_AIM OF THE TASK:_
Include no pictures. Output exactly the lines from the one that contains "Handy with a" through the final line of the entries.

_DATASET EXTRACT:_
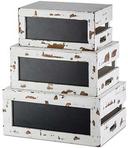 Tablecraft Rustic Risers White Distressed Wood Crate Set with Chalkboard -- 1 set
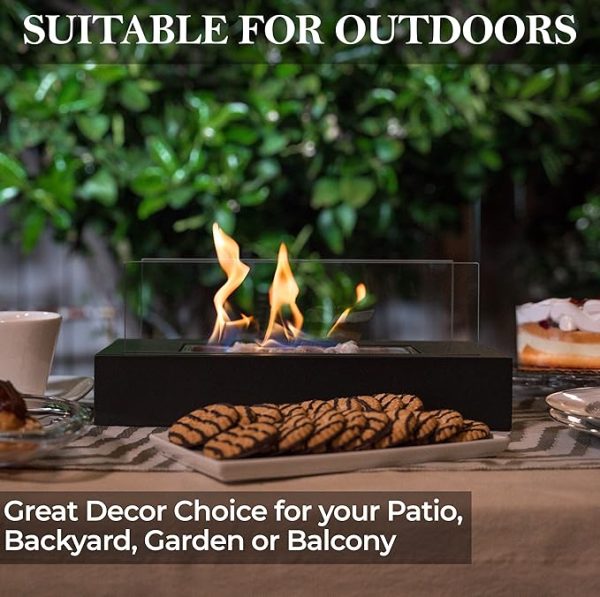 Tabletop Fire Pit with Smores Maker Kit Portable Indoor/Outdoor Mini Small Fireplace Table Top Decor Home Patio Gifts for Women Mom Her Wedding Housewarming Christmas Birthday White Elephant Gift - Image 3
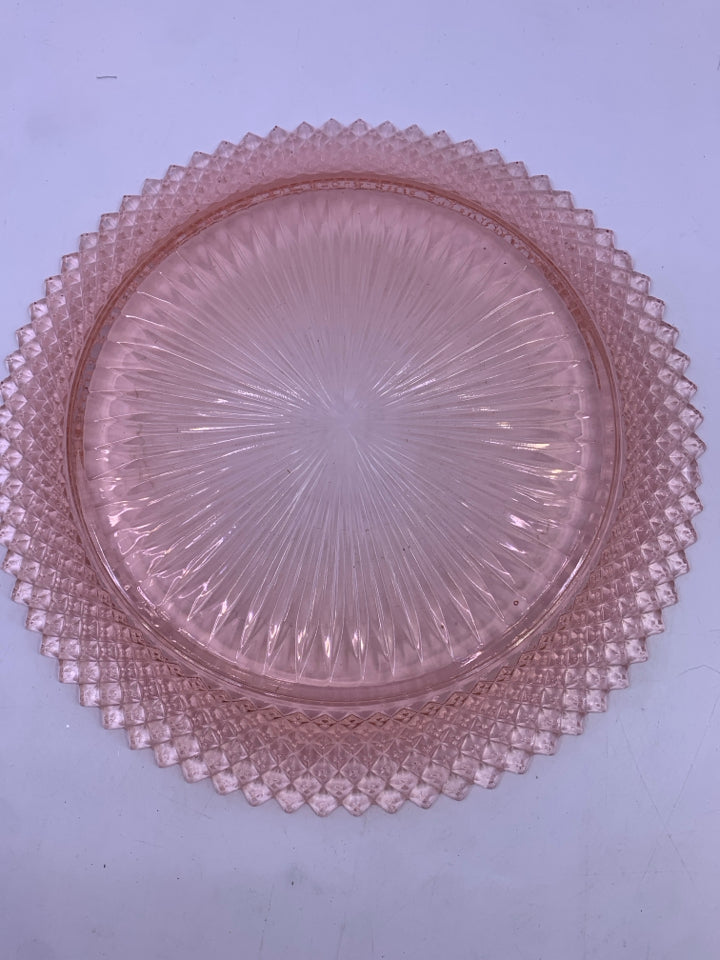 PINK DEPRESSION GLASS PLATE.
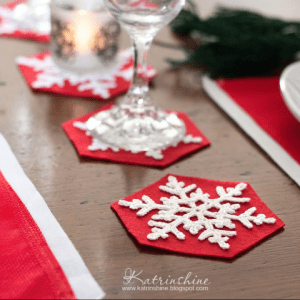 Handy with a crochet needle? Stitch up snowflake coasters for party guests' drinks. See more at Katrinshine » What you'll need: crochet thread ($7, amazon.com), red felt ($11, amazon.com)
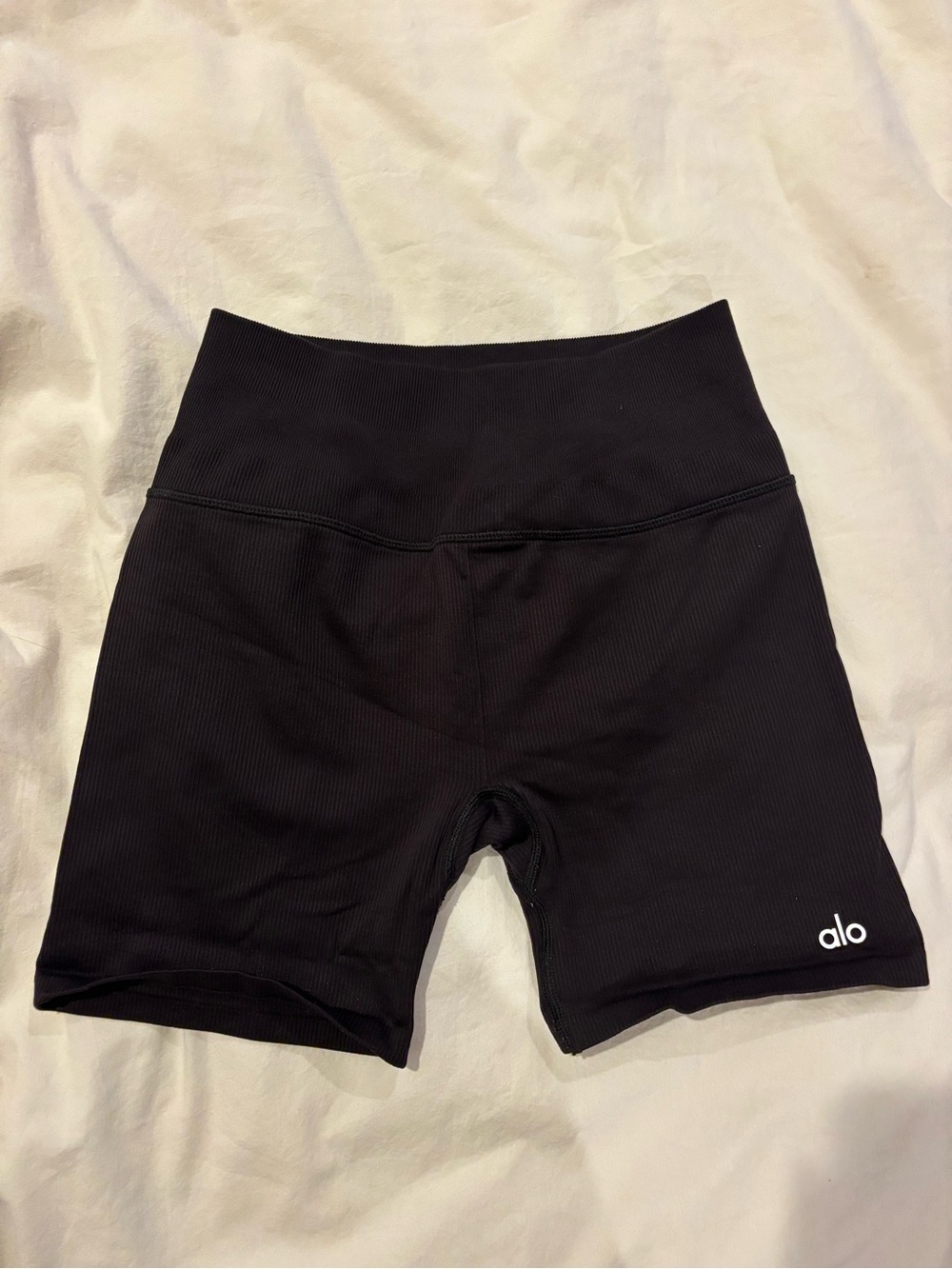 ALO Yoga Black Ribbed Mid-Rise Bike Shorts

_SOLUTION FOR THIS TASK:_
 Handy with a crochet needle? Stitch up snowflake coasters for party guests' drinks. See more at Katrinshine » What you'll need: crochet thread ($7, amazon.com), red felt ($11, amazon.com)
 ALO Yoga Black Ribbed Mid-Rise Bike Shorts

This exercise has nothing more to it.